The lines from the top of the data down to the line with "PopseyPancholi's tweet photo." should be repeated exactly, both ends included.
+++ GIVEN RECORDS +++
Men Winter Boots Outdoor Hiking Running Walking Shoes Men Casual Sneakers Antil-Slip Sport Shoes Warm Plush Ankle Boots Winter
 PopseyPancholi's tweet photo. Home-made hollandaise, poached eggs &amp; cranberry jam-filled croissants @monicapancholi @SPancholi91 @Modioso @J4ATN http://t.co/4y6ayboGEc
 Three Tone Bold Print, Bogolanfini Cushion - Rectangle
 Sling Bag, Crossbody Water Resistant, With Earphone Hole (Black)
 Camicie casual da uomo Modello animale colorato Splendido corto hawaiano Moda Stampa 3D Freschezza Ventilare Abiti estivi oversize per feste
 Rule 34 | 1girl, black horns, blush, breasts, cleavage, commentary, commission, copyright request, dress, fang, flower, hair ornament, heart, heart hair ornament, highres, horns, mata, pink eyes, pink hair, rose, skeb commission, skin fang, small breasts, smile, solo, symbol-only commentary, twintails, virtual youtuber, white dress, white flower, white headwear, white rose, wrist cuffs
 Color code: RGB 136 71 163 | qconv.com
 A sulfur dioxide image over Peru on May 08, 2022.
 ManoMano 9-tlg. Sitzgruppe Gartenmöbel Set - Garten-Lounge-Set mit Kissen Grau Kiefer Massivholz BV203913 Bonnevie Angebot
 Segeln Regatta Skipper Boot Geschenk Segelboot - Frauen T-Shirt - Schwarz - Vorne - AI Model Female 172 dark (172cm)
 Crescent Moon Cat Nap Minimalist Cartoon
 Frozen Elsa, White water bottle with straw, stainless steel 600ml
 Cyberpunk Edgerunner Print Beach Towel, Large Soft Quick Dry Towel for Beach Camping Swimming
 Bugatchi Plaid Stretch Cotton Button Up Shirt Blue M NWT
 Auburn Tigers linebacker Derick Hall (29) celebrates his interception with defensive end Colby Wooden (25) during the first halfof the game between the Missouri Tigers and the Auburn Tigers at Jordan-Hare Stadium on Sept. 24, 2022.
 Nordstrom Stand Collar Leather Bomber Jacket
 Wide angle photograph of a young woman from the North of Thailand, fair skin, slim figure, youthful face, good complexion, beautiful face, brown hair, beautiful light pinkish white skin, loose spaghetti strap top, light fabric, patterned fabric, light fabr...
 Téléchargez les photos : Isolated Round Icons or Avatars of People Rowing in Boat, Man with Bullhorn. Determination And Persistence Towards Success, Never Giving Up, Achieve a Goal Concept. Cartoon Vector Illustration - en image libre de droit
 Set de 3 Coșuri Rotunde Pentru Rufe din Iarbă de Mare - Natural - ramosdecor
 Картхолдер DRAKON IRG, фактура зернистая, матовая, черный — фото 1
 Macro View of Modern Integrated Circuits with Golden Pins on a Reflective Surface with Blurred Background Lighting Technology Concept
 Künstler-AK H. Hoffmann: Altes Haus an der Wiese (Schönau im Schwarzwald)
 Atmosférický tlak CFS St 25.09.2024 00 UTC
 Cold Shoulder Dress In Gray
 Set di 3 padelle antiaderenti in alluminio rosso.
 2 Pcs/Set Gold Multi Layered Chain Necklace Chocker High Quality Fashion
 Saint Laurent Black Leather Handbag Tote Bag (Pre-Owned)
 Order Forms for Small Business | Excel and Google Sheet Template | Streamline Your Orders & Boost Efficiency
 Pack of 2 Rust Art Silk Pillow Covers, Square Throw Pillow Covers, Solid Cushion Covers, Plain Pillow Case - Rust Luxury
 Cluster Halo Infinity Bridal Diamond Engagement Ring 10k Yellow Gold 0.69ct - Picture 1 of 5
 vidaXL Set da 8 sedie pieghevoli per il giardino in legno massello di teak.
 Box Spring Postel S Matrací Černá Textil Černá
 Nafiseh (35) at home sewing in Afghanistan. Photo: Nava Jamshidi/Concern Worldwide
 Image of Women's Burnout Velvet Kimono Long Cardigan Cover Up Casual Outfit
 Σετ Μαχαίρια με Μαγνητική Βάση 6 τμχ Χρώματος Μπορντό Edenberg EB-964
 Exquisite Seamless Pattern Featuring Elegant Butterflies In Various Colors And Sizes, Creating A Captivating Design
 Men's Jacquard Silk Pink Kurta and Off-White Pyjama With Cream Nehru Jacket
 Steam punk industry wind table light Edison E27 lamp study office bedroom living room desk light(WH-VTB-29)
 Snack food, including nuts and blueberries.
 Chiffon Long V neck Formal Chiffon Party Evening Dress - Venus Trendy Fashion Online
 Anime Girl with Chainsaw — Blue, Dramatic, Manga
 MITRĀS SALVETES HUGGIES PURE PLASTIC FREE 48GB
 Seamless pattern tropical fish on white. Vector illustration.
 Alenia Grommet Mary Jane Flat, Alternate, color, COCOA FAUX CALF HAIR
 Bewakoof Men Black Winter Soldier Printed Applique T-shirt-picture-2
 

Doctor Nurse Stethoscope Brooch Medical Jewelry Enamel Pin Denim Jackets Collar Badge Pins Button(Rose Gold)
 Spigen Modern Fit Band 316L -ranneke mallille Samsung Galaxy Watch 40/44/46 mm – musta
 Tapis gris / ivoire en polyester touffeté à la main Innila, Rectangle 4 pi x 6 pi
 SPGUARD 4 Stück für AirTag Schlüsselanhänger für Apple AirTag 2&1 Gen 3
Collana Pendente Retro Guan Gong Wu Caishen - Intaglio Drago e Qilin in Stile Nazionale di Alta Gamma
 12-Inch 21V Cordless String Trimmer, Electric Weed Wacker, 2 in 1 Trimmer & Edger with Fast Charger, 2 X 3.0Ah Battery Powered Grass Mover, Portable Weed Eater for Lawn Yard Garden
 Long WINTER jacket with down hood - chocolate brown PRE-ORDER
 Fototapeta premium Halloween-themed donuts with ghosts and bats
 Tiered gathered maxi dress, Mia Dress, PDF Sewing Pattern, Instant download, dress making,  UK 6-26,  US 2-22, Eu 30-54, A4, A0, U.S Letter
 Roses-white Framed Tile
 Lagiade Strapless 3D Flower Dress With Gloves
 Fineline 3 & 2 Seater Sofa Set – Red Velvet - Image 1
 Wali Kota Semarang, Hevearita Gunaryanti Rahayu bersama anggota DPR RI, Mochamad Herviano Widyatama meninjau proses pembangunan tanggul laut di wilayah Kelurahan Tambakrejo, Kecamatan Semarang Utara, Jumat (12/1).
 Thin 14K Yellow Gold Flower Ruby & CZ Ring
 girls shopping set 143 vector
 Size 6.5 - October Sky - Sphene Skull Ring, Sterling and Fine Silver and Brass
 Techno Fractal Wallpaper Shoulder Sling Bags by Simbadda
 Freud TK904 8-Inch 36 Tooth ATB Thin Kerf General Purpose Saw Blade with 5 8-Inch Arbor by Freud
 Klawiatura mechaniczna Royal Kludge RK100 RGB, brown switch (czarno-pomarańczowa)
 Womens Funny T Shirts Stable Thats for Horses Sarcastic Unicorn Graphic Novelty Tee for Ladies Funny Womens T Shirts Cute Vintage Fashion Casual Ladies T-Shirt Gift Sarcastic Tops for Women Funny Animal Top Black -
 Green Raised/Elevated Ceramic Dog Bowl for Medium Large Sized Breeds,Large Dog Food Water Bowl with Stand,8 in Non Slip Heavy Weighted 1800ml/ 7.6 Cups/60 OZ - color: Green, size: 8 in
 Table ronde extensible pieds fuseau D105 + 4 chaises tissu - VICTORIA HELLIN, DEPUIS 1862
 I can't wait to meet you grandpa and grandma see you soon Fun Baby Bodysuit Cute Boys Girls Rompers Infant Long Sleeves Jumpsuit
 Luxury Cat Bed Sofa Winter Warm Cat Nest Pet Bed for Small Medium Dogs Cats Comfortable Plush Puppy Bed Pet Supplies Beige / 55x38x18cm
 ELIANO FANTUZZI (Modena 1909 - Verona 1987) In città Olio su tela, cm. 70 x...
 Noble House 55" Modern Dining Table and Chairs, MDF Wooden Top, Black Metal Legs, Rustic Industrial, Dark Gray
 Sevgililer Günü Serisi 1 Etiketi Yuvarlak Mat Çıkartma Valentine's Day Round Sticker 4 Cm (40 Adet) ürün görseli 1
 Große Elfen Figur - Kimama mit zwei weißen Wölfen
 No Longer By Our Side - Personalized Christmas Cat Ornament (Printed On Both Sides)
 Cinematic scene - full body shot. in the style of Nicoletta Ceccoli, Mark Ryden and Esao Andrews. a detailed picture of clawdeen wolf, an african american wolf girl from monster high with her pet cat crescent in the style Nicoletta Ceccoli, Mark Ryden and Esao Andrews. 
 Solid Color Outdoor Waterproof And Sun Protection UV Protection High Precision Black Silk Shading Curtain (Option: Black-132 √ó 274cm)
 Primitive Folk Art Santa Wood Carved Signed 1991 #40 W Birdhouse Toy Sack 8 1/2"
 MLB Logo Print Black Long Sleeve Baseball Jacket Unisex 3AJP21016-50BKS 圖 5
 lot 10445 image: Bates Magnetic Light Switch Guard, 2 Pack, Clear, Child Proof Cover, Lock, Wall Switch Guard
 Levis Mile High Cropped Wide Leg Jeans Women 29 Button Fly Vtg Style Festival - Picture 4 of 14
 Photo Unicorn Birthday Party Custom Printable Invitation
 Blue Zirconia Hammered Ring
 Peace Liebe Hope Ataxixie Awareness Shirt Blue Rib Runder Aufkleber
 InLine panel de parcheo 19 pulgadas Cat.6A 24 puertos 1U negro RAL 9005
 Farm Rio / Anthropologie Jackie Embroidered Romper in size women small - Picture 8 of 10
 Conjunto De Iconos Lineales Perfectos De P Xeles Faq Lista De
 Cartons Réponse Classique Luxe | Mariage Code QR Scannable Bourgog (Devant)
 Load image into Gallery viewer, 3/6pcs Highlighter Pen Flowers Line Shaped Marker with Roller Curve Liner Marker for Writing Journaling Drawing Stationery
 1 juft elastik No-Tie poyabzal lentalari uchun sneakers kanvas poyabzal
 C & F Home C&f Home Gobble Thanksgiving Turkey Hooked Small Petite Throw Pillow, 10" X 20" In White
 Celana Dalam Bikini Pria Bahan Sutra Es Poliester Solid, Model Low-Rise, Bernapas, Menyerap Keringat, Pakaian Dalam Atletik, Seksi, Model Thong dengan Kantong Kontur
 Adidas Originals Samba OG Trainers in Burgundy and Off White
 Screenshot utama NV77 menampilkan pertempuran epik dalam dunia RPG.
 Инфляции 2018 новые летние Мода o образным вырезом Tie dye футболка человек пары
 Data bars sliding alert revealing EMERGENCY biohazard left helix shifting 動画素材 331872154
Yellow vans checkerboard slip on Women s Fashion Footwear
+++
# EXERCISE RESULT:
Men Winter Boots Outdoor Hiking Running Walking Shoes Men Casual Sneakers Antil-Slip Sport Shoes Warm Plush Ankle Boots Winter
 PopseyPancholi's tweet photo. Home-made hollandaise, poached eggs &amp; cranberry jam-filled croissants @monicapancholi @SPancholi91 @Modioso @J4ATN http://t.co/4y6ayboGEc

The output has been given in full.